▶ REQUIREMENT: The following entries should be restated word for word, pictures excluded.

▶ INFORMATION GIVEN:
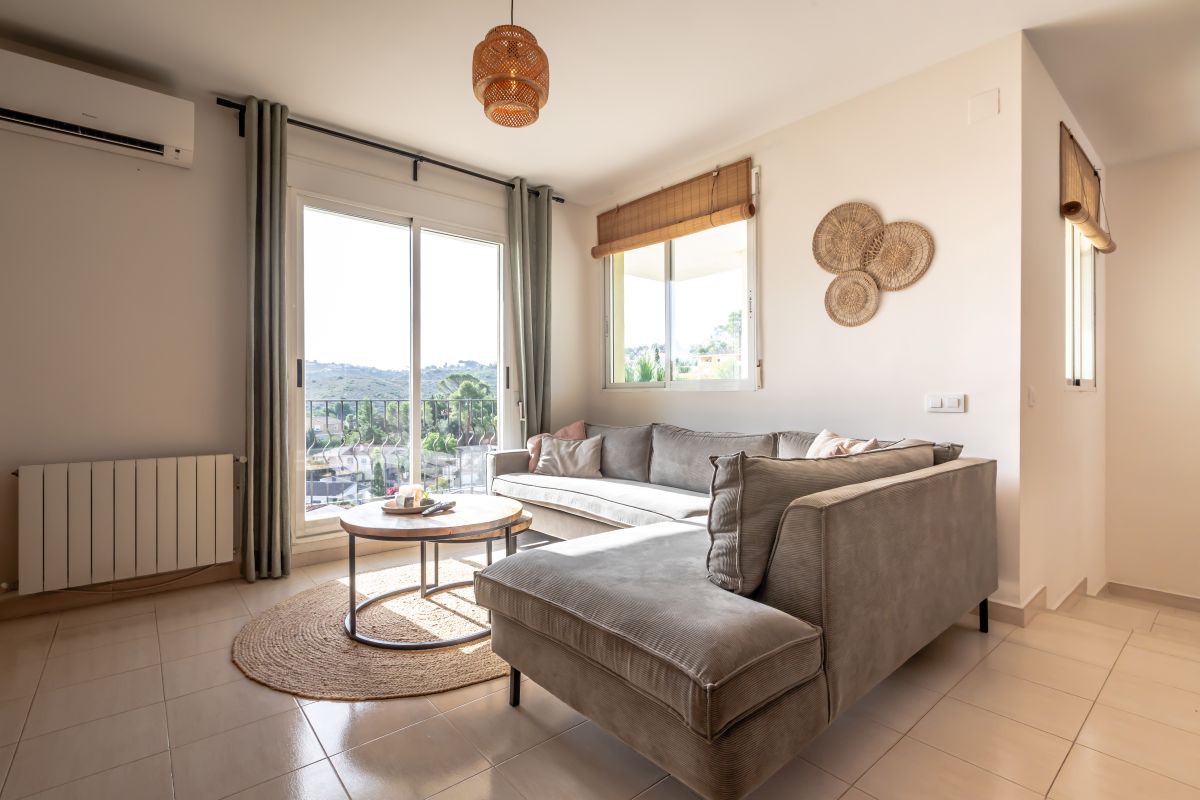 Spacious villa with pool for sale in Chiva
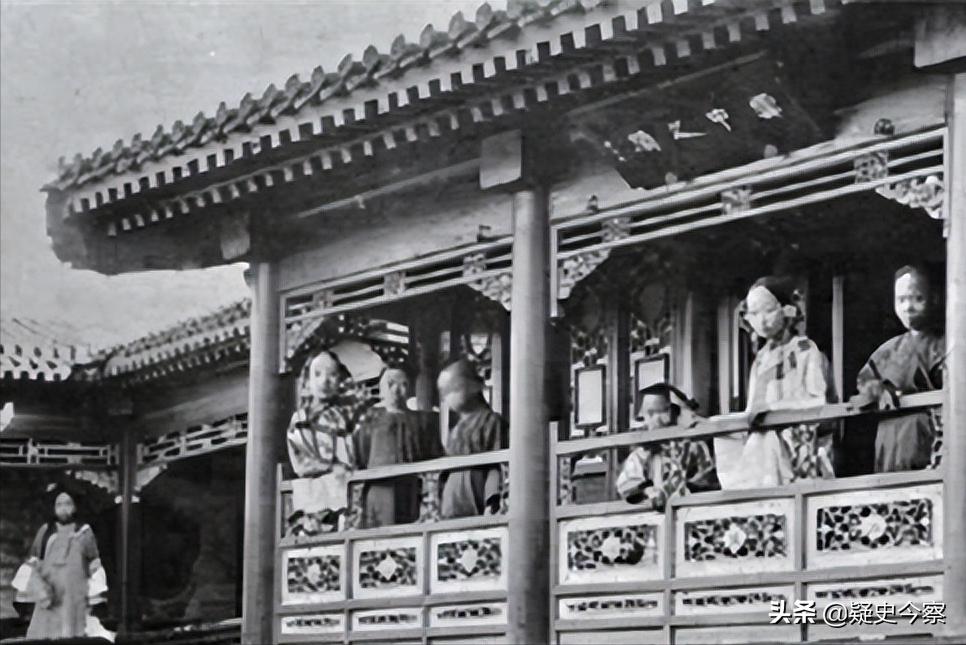 上海锦江饭店创始人，13岁进*楼青**，遭丈夫歧视后主动离婚活成传奇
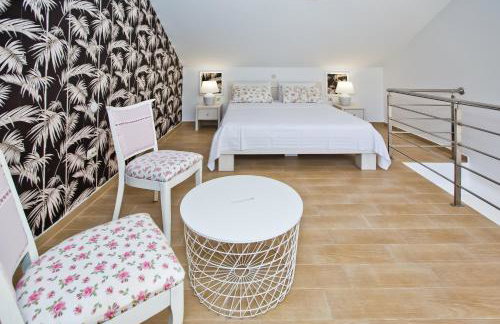 Luxurious Apartments Maslina with Beach - Photo 41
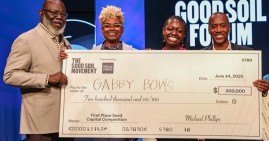 Founders of Gabby Bows being presented $200 grand prize by TD Jakes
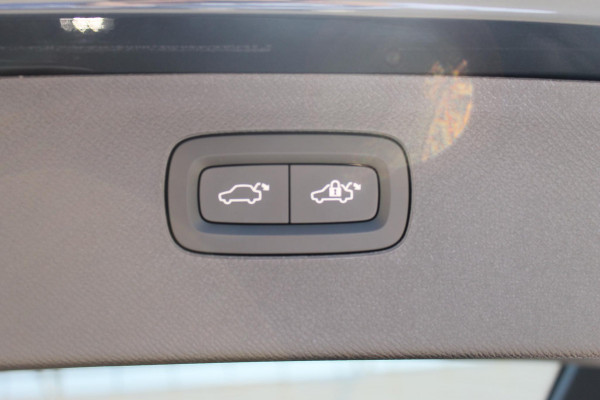 Volvo XC90 T8 455pk Automaat AWD Ultra Black Edition Stoelmassage - en ventilatie Luchtvering / Trekhaak / Panoramadak / Google services / Elektrisch bedienbare voorstoelen met geheugen / Stoelverwarming voor en achter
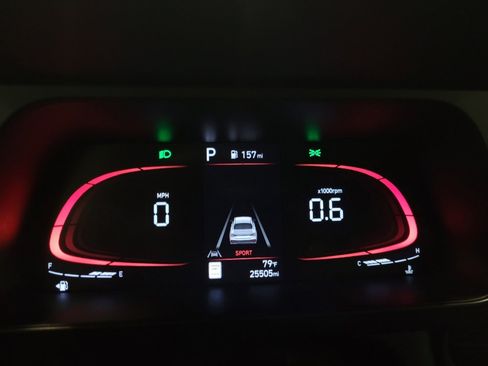 Used 2025 Hyundai Elantra Sport FWD image 23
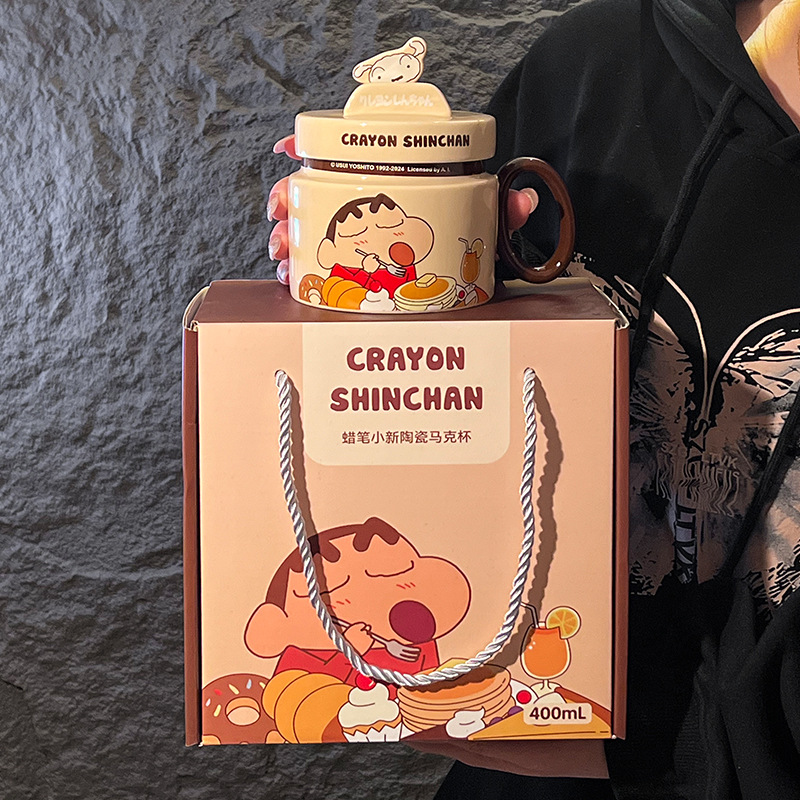 Crayon Shin-chan soporte de marca compartida con tapa taza de cerámica de dibujos animados linda taza de alto valor taza de desayuno caja de regalo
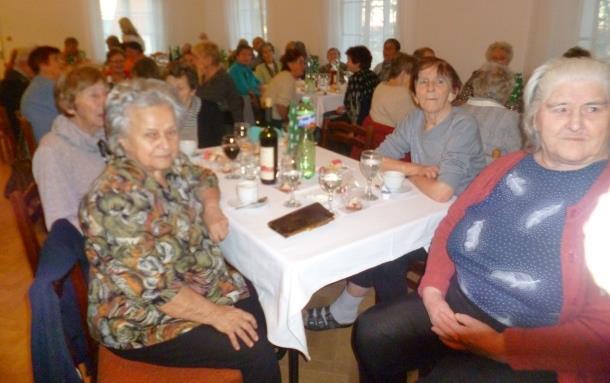 využití při akcích všeho typu pořádaných ve městě Z dotace byly podpořeny ve spolupráci seniorských organizací pracujících ve městě dále akce Kouzlo vánočního stromečku, Společné předvánoční setkání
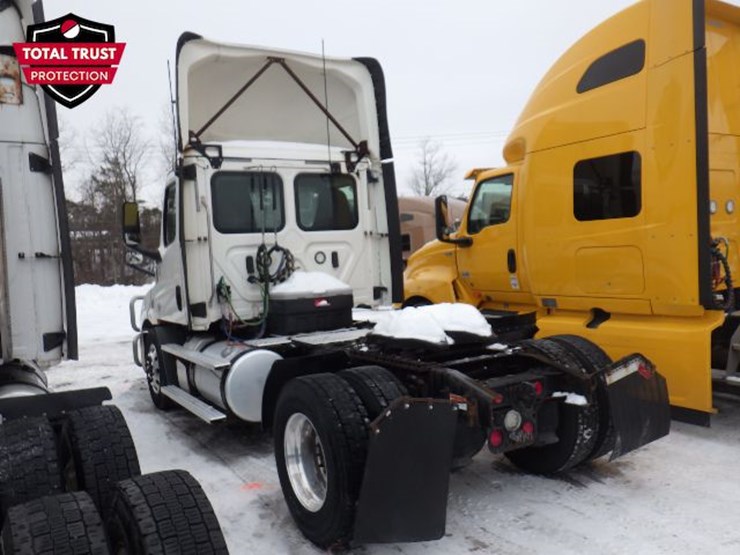 2020-freightliner-cascadia-116-image-13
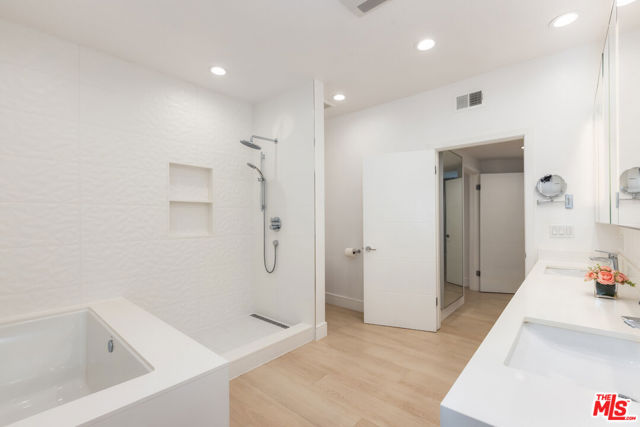 Drew Fenton | 1164 Wellesley Avenue Los Angeles CA | MLS: 7091063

▶ EXERCISE RESULT:
 Spacious villa with pool for sale in Chiva
 上海锦江饭店创始人，13岁进*楼青**，遭丈夫歧视后主动离婚活成传奇
 Luxurious Apartments Maslina with Beach - Photo 41
 Founders of Gabby Bows being presented $200 grand prize by TD Jakes
 Volvo XC90 T8 455pk Automaat AWD Ultra Black Edition Stoelmassage - en ventilatie Luchtvering / Trekhaak / Panoramadak / Google services / Elektrisch bedienbare voorstoelen met geheugen / Stoelverwarming voor en achter
 Used 2025 Hyundai Elantra Sport FWD image 23
 Crayon Shin-chan soporte de marca compartida con tapa taza de cerámica de dibujos animados linda taza de alto valor taza de desayuno caja de regalo
 využití při akcích všeho typu pořádaných ve městě Z dotace byly podpořeny ve spolupráci seniorských organizací pracujících ve městě dále akce Kouzlo vánočního stromečku, Společné předvánoční setkání
 2020-freightliner-cascadia-116-image-13
 Drew Fenton | 1164 Wellesley Avenue Los Angeles CA | MLS: 7091063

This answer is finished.